明日はまだ何もない明日(スンミ) 22

ハニちゃんも行ってらっしゃい。

ミラの事は私が付いているから心配しなくてもいいわ。

それにスンスクがこんなにミラから離れたがらないのだから、見る人がいてくれると思って安心してもいいわよ。

いくらスンミを溺愛している父親でもスンジョには話せない事だってあるだろうし、こういう時は母親が傍にいてあげた方がいいのよ。

お母さんにそう言われて家の事もミラの事もお願いして、私はスンジョ君に付いてスンミのいる静養所に行く事になった。

確かにお母さんの言うとおり、私は今まで実の母親がいたらいいと思った時も何度かあった。

お母さんは私を可愛がってくれている事も判るし、大好きだからこそ遠慮して言えなかった。

ソウルを出てから3時間くらい時間が経っている。

のどかな田園風景・・・・と言うのが私の中の静養所のイメージ。

のどかと言えばのどか・・・だけど、行っても行っても景色は変わらずこんな所にスンミが何日も住んでいるのかと思うと可哀想に思える。

「まだ遠いの?」

「そこに見えるだろ?」

見える?見えるのは平屋の、まるで田舎の幼稚園みたいな建物。

その敷地内に綺麗に手入れをされた畑があった。

「病院に畑?」

「農薬を使わないで野菜を作っているんだ。病状が安定した患者が、体調のいい時に収穫を手伝ったり手入れをしたり。社会復帰に向けての体力作りもしている。」

静養所なのだからそれもいい事なのかもしれない。

スンミもこんなにいい環境で美味しい野菜を食べて元気になってくれるといい。

「あれ?スンジョ君!スンジョ君!」

「何だよそんなに腕を叩いたら、側溝に落ちるだろう。」

「スンミが外にいるよ。」

静養所に来て一週間。

色白のスンミが、背の高いよく日に焼けた若い医師と、真っ赤に熟れたトマトを収穫していた。

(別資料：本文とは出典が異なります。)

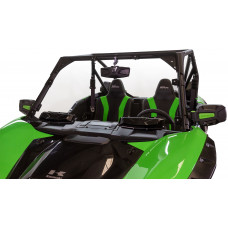 VERSA VENT WINDSHIELD HC KAW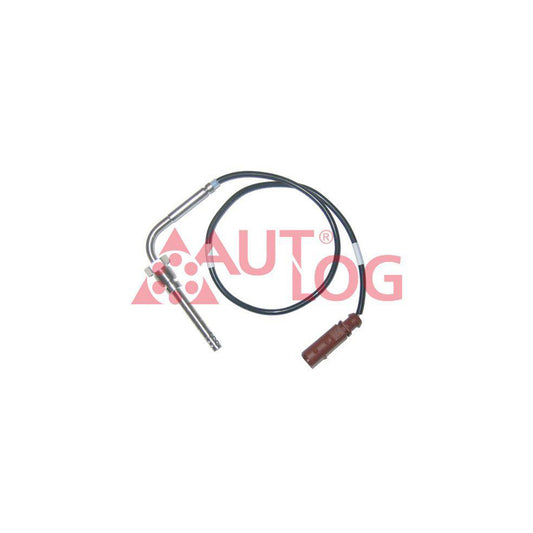 Autlog AS3077 Sensor, Exhaust Gas Temperature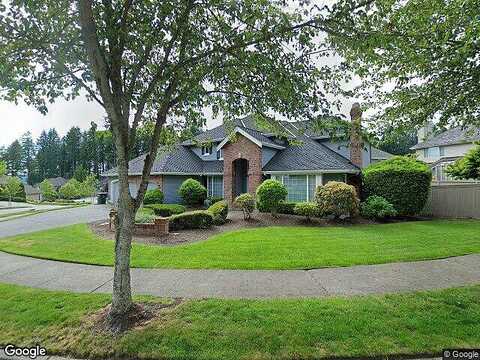 215Th, BOTHELL, WA 98021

病棟と思われる建物の裏手にある駐車場に車を停めて、スンジョとハニは車を降りた。

「オレはスンミの担当の医師と話があるから、先に会って来てくれるか?」

「そうするね。」

ハニはスンジョと別れると、家から持って来たスンミの愛読書と大好きなスィーツ店のお菓子の入った袋を持って、さっき見かけた場所に急いだ。

「スンミィ~」

「おい、ガリガリ。呼ばれているぞ。」

「ガリガリって・・・」

研修医のキムに言われて、その視線の方を見ると母が大きく手を振っていた。

「オンマ!オンマ!」

「おい!走るな。車椅子に座れよ。」

スンミが車椅子に座ると、危なくない程度にキムは早く車椅子を押した。

「元気そうね。少し日に焼けたみたいで。」

「そうかな?部屋の中ばかりいてもよくないからって、キム先生が自分が食べる野菜位収穫しろって煩いの。」

「何が煩いだ。スマホばかり弄っていただろう。」

研修医はそう言った後に、ハニに頭を下げた。

「スンミの担当の先生はスンジョ君が会っているけど、あなたは・・・・・・・」

「チョ先生の指導でお嬢さんの治療に関わっている研修医のキム・ヒョンジャです。」

「ヒョンジャって言うの?何ももったいぶって隠そうとしなくてもよかったのに。」

「言いたくなかっただけだよ。」

「それになに?ヒョンジャ(賢者)?名前負けしているじゃない。」

「煩い!」

たった一週間でスンミの表情が随分と変わっていた。

色が白かったスンミも、陽に当たっているからか、ほんの少し日焼けして元気そうで良かった。

熱もなさそうだし、こんなに明るい顔でいるスンミを見たのはいつ以来だろう。

「スンミさんのお母さん、室内に入りましょうか?部屋に案内します。」

ちょっとスンリと似たこのキム・ヒョンジャに、ハニは不思議とこの研修医のお蔭でスンミが元気になって来たのだろうと思えた。